§ **Material supplied**

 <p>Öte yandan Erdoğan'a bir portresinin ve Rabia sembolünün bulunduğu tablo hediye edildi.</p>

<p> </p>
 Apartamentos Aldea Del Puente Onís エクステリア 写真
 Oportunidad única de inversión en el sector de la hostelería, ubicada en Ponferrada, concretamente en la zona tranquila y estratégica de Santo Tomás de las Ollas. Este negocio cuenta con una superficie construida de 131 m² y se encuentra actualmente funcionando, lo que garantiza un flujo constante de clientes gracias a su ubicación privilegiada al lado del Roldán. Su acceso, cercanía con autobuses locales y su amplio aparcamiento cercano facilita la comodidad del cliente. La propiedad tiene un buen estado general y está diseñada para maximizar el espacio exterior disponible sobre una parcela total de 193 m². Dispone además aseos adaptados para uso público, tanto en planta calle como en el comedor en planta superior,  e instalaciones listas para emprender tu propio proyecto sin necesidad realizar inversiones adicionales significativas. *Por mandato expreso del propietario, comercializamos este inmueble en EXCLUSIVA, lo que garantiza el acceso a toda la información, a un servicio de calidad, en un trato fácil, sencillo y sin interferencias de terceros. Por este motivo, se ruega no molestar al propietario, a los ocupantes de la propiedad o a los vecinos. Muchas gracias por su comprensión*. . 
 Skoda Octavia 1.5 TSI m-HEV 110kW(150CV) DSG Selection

* * *

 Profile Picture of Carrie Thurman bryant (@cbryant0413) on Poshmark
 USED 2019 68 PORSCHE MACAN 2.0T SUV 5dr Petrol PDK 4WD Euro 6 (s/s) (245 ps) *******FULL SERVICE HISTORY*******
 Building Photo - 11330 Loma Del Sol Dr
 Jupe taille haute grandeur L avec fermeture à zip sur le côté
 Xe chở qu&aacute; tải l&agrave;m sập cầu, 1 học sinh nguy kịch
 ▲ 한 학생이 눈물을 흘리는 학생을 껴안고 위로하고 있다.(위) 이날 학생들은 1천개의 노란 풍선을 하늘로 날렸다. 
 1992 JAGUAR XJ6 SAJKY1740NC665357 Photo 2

§ **Work instructions**
Of all the entries above, retype exactly the lines from the line with "Apartamentos Aldea Del Puente Onís エクステリア 写真" to the line with "Skoda Octavia 1.5", both included, and no others.

§ **Answer box**
 Apartamentos Aldea Del Puente Onís エクステリア 写真
 Oportunidad única de inversión en el sector de la hostelería, ubicada en Ponferrada, concretamente en la zona tranquila y estratégica de Santo Tomás de las Ollas. Este negocio cuenta con una superficie construida de 131 m² y se encuentra actualmente funcionando, lo que garantiza un flujo constante de clientes gracias a su ubicación privilegiada al lado del Roldán. Su acceso, cercanía con autobuses locales y su amplio aparcamiento cercano facilita la comodidad del cliente. La propiedad tiene un buen estado general y está diseñada para maximizar el espacio exterior disponible sobre una parcela total de 193 m². Dispone además aseos adaptados para uso público, tanto en planta calle como en el comedor en planta superior,  e instalaciones listas para emprender tu propio proyecto sin necesidad realizar inversiones adicionales significativas. *Por mandato expreso del propietario, comercializamos este inmueble en EXCLUSIVA, lo que garantiza el acceso a toda la información, a un servicio de calidad, en un trato fácil, sencillo y sin interferencias de terceros. Por este motivo, se ruega no molestar al propietario, a los ocupantes de la propiedad o a los vecinos. Muchas gracias por su comprensión*. . 
 Skoda Octavia 1.5 TSI m-HEV 110kW(150CV) DSG Selection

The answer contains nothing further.